Same goes for her 12-year-old brother, Brighton Liddell, who says, "I would love it for sure."

Their dad, Lorne Liddell, said he'd sure love to be able to take them.

"Every game would be a sellout," said Liddell, who's still skeptical it'll happen, but added that it "would be wonderful" if it did.

It's hard to find people who don't like the idea. Even Canada's most famous hockey dad, Walter Gretzky, can envision grabbing his pal Butch Steele and coming the short trip down the road from Brantford for some games -- just like they do for many of the Leafs games at the Air Canada Centre.

"It would be stunning," he said, adding that although he "heard" his legendary son, Wayne, has said he wouldn't be part of it, "I haven't talked to him about it so I don't know."

He said he stays out of the business side of hockey, but admits from a pure fan point of view "it sure would be nice" to have a new team in southern Ontario "because if people want to go to Toronto to a game, they just can't get tickets."

Ultimate insider Wayne is in a tough spot on this one, but I suspect as an Ontarian he could be talked into being part of it, if there was ever a way for Balsillie and NHL commissioner Gary Bettman to amicably settle this feud for the good of hockey.

Wayne already knows what a good hockey town it is since Copps Coliseum played host to a famous game in 1987 when he fed a sweet pass to Mario Lemieux who scored to lift Canada past the then Soviet Union to win the Canada Cup.

That was some party! And now Hamilton is ready for more.

The mayor is right, there is excitement here.

But it's not euphoria. Hamilton has been down this road before.

"There is no question we have been used as an NHL bargaining chip," said CHML 900 radio talk show host Bill Kelly, a lifelong Hamilton resident and a former city councillor.

Could it be different this time? It does feel different.

"Maybe it will be three times a charm and not three strikes and your out," Kelly said.

It certainly appears Bettman fully intends to fight. It's going to be interesting to see who ultimately wins.

The thing with Hamilton is there is so much potential here.
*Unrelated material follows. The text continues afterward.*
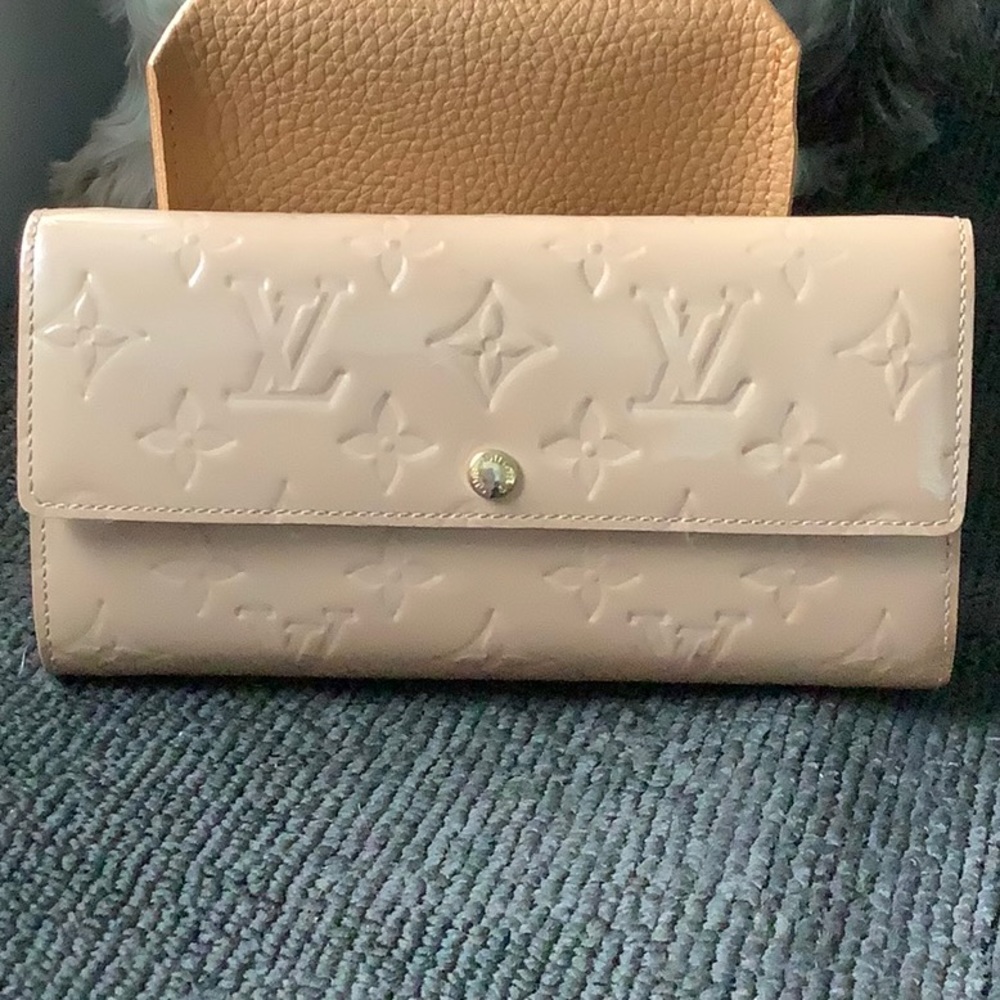 Authentic LV Monogram Vernis wallet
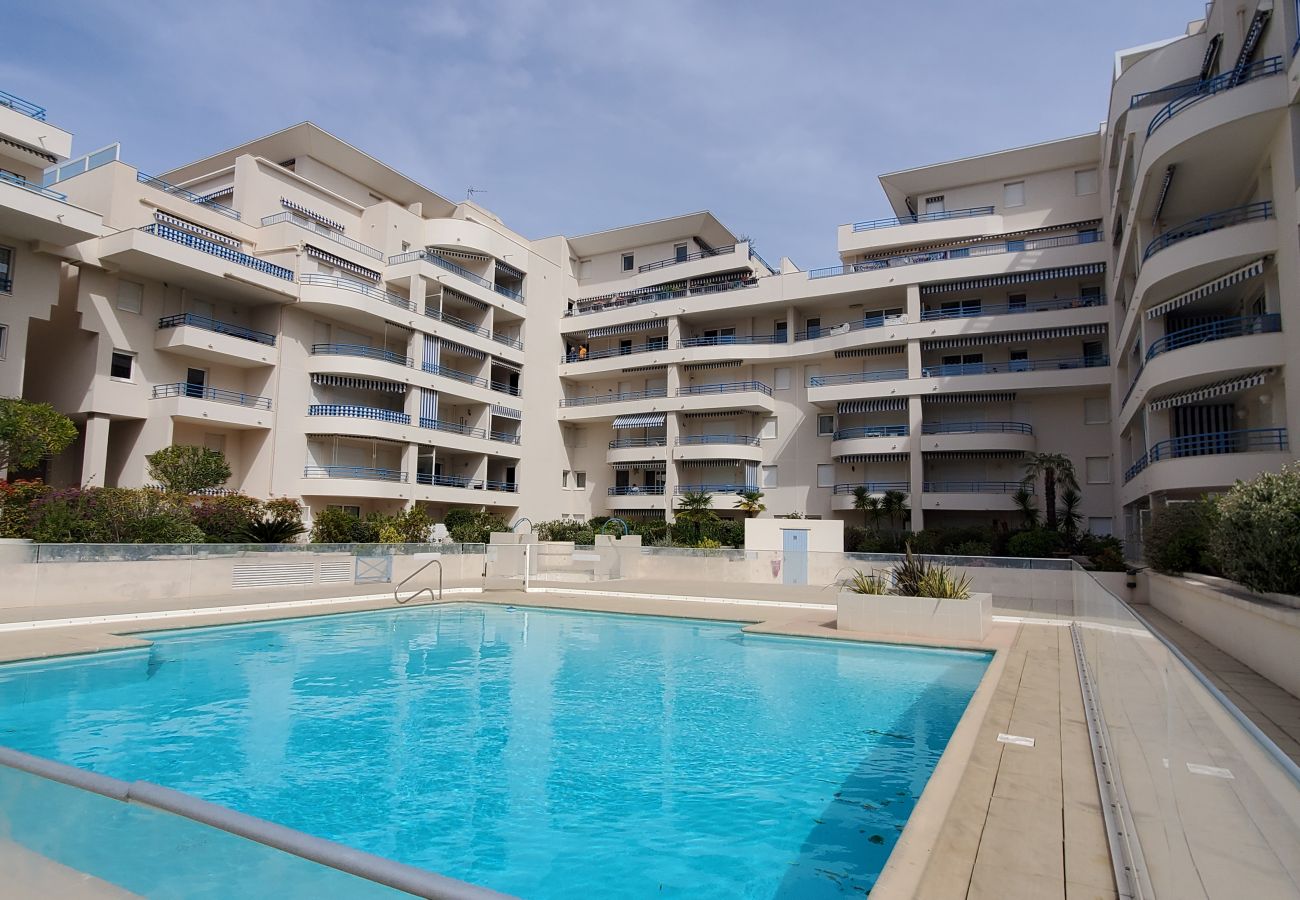 Appartement à Fréjus - Fréjus Plage, Le Sextant, Grand T2 de 52m2, 3/4 personnes, piscine, grand balcon, climatisé séjour, 400m des plages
It has a classic Canadian downtown core with historic architecture, well-planned-out roadways and a fairly vibrant retail and business community that sure could use this boost.

ADD 45 GAMES

Kelly thinks it would thrive "if you could add 45 games a year" to the calendar.

There certainly would be a real neat vibe here on game night.

"It was once a fabulous downtown back in the day," Kelly said. "This would really help bring it back."

And the key for this team to work is the fact that it does have full GO Train service right downtown -- which means hockey fans can come by rail from Toronto, Mississauga, Oakville, Burlington, Oshawa, Whitby, Vaughan or wherever and get to a game with less than an hour commuting time.

Bettman has repeatedly run down the age and lack of NHL readiness of Copps Coliseum, but as Eisenberger said yesterday, he and Balsillie's people met to begin the process of a "framework" to work out how the city-owned arena could be given a $100-million facelift and still be ready for next season.

"It was designed for the roof to be literally lifted off and corporate boxes could be put in," Kelly said. "It can be renovated fairly quickly."

Of course, the only thing in the way of all of this is the old boys' club blocking the new kid in town using bizarre legalese as if they were trying to keep someone more popular out of the Moose Lodge.

But there is one truth in this battle and that is the Phoenix Coyotes are on life-support in the desert and there is plenty of water in a proud Canadian steel town for the team to not only survive but to grow.

And Hamilton is hungry for a team and is champing at the bit to become part of it.